Fig. 3. Relationships between simulated (WIMOVAC) and observed (only for A and LAI = 4·2) instantaneous canopy net assimilation rate and intercepted photosynthetically active radiation (IPAR) for LAI = 1 (L1) and LAI = 4 (L4) at ambient (A) and elevated (AE) [CO₂]. Data refer to simulations and observations presented in Fig. 2.

Fig. 4. Simulated (WIMOVAC) relationships between daily canopy net assimilation rate per unit ground area (GA) and per unit leaf area (LA) and LAI for ambient (A) and elevated (AE) [CO₂]. Relative [CO₂] effects are calculated from AE/A. Climate input data and [CO₂] concentrations were the same as in Figs 2 and 3.

Fig. 5. Simulated (AFRCWHEAT2‐O3) vs. measured IPAR (A, B) and biomass at harvest maturity (C, D) for spring wheat ‘Minaret’ grown at ambient (A) and elevated (2 × ambient, AE) [CO₂] at eight location across Europe between 1994–1996. Simulations were performed using simulated LAI (A, C) or observed LAI (B, D) as model input.
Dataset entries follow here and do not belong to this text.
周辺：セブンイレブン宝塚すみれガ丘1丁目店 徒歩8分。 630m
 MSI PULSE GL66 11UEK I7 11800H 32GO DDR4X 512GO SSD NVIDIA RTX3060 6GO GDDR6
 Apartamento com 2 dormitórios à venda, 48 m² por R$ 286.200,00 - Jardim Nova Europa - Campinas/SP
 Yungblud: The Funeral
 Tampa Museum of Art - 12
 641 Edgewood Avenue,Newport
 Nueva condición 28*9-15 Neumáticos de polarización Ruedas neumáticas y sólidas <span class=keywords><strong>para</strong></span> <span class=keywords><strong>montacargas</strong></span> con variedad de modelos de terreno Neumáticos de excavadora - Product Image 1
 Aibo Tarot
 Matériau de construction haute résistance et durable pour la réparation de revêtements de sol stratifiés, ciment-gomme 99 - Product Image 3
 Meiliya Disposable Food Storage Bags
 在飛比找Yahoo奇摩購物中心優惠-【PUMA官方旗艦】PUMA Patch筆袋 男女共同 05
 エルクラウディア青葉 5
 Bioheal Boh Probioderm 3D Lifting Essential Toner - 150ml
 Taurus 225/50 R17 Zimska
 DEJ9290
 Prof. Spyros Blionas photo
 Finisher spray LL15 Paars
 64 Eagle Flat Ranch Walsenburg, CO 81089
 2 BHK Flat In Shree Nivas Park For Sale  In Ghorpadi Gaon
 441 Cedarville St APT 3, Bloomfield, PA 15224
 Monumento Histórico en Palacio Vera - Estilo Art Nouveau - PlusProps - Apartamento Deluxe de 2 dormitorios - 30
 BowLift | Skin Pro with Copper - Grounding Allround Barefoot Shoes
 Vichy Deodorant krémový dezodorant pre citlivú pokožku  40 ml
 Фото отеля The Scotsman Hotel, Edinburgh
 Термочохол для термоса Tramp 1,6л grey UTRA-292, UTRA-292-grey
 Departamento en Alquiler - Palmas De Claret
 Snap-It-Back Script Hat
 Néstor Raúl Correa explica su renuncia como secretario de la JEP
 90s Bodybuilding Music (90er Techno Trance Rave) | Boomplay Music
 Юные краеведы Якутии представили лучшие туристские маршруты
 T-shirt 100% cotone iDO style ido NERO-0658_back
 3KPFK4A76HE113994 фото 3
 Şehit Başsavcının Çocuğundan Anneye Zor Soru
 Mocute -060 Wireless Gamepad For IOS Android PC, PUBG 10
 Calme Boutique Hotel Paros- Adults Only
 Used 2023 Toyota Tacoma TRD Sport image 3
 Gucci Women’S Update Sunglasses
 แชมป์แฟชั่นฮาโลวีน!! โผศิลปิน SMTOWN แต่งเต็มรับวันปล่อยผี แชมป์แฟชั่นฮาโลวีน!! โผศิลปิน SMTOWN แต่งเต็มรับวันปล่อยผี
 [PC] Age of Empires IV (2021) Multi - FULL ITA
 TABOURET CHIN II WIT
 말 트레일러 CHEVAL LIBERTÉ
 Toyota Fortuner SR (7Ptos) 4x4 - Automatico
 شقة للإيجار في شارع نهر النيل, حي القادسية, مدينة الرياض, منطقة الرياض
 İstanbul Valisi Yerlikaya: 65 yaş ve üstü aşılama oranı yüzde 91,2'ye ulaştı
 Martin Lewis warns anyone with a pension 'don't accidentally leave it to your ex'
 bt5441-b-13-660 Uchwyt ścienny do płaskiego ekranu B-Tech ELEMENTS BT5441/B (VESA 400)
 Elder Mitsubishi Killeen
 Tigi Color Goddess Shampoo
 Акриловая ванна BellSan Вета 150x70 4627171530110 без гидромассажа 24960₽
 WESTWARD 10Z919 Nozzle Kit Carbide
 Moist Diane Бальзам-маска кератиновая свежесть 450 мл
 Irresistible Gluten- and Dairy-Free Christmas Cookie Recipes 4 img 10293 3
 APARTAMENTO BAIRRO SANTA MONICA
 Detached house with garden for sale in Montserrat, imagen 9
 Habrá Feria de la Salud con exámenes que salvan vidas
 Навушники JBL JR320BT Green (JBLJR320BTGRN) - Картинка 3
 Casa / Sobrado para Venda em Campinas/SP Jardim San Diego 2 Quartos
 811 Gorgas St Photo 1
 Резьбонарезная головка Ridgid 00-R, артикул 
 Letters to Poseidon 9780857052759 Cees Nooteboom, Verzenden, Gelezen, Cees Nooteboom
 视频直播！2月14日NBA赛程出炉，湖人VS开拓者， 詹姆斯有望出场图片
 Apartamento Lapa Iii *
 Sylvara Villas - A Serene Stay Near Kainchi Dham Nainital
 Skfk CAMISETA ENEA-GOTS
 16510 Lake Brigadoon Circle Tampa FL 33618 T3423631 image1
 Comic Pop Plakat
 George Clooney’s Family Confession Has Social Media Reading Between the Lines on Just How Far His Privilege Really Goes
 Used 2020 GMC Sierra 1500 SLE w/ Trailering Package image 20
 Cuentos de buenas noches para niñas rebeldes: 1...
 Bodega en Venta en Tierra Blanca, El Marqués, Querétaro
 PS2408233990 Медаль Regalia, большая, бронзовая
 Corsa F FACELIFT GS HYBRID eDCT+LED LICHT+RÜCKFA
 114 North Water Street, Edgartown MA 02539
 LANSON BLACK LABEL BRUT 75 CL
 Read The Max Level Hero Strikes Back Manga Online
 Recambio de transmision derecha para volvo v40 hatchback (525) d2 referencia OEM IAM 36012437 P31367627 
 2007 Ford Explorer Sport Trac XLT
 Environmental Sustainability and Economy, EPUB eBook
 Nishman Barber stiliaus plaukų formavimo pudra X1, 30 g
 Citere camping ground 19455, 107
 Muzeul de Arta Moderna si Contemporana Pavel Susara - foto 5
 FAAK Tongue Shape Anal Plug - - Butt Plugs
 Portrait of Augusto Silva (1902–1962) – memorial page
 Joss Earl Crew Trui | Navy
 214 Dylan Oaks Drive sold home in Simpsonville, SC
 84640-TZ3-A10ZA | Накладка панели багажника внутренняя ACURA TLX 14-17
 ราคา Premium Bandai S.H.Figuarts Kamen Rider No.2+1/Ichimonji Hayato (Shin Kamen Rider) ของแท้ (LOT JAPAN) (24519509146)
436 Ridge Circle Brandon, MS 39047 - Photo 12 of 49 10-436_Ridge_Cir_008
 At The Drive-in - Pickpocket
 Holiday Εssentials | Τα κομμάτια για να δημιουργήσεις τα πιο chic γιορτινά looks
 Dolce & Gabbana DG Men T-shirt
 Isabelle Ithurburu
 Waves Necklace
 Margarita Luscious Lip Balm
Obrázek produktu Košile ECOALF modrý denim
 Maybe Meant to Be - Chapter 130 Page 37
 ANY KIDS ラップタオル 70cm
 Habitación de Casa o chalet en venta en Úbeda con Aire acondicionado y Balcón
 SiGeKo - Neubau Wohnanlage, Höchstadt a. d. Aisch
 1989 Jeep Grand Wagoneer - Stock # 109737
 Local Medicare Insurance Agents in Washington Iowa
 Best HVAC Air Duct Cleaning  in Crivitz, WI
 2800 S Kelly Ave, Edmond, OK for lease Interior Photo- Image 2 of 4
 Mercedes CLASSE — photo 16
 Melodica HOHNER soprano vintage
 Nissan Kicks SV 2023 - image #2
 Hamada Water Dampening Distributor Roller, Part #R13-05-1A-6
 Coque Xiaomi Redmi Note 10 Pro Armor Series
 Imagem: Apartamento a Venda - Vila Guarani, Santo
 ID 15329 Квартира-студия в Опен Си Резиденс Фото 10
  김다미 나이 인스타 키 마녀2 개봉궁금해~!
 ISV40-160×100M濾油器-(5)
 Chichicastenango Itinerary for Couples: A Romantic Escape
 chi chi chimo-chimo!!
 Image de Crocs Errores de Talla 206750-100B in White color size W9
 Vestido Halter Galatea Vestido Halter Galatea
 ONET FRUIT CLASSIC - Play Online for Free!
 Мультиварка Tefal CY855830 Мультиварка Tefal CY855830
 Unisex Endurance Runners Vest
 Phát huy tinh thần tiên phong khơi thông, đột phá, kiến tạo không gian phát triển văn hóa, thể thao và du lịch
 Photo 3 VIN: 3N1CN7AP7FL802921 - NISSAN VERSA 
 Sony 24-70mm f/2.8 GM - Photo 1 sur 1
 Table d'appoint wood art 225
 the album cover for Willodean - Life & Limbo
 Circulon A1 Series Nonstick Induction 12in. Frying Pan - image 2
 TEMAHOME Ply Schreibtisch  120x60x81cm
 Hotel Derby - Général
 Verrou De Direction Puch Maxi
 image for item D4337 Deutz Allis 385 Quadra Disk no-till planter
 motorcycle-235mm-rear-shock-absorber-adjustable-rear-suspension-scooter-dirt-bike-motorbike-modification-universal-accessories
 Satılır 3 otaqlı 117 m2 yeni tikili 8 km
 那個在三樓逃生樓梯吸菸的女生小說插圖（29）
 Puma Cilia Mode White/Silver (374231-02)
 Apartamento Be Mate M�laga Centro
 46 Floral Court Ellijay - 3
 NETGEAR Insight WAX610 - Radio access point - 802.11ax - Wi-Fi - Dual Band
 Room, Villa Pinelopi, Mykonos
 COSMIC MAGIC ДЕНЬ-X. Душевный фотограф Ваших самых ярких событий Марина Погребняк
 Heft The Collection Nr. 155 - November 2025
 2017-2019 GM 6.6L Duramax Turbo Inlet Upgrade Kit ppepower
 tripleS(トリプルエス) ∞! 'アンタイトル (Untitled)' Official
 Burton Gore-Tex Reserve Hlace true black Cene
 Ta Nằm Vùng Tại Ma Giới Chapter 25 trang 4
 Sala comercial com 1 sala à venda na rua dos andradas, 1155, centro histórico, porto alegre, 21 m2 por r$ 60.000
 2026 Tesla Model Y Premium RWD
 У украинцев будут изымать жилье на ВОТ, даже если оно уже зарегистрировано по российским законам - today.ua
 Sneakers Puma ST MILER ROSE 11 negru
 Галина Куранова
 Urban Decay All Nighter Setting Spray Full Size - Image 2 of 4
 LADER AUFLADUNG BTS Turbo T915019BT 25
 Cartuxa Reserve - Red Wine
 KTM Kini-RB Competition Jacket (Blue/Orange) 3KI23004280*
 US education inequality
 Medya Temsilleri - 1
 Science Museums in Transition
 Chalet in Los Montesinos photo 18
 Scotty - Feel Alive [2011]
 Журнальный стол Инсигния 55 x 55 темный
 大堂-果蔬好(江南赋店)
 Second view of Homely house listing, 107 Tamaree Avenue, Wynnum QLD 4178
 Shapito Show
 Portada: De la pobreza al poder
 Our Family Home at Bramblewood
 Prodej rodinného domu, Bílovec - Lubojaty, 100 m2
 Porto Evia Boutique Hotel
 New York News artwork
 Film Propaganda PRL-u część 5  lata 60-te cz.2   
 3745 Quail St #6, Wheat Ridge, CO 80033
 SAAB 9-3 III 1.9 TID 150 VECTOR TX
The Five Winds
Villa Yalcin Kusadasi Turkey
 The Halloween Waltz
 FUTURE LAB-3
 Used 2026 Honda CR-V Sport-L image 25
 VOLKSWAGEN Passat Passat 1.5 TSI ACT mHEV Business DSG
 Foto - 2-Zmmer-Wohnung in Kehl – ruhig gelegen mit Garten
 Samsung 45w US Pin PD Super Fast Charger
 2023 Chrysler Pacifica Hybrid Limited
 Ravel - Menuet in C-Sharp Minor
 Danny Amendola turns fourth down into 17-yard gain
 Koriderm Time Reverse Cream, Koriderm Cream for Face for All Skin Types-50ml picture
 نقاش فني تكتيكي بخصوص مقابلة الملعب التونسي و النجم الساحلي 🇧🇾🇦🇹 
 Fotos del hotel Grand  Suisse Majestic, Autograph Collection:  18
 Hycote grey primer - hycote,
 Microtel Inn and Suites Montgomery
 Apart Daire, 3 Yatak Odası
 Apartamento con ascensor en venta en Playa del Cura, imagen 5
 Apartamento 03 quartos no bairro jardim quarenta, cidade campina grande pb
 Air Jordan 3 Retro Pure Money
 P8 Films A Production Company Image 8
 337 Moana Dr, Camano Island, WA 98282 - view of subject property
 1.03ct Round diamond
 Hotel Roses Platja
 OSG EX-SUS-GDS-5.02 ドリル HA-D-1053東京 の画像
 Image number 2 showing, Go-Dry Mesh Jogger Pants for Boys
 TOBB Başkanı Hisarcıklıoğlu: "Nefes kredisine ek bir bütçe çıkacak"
Original simulations of biomass (C) that used model estimates of LAI were unsatisfactory (see also Ewert et al., 1999) but improved substantially when observed LAI data were used as model input (D). The remaining unexplained variability was due to factors mainly associated to the use of open‐top chambers that were not considered in the model (see Ewert and Porter, 2000; Ewert et al., 2002).

Fig. 6. Relationships between effects on biomass (BM) and effects on LAI of limited (A) water and (B) N supply for ambient (A) and elevated (1·5 × ambient, AE) [CO₂] of wheat ‘Yecora Rojo’ grown at Maricopa, Arizona in 1992–93 and 1993–94 (H₂O limitation) and 1995–96 and 1996–97 (N‐limitation). Ratios were calculated from measurements of biomass and LAI at different occasions throughout each growing season in water‐stressed (H₂O–) and well‐watered (H₂O+) and N‐limited (N–) and non‐limited (N+) treatments, respectively. References about data sources with information about experimental performances can be obtained from Jamieson et al. (2000) and Ewert et al. (2002).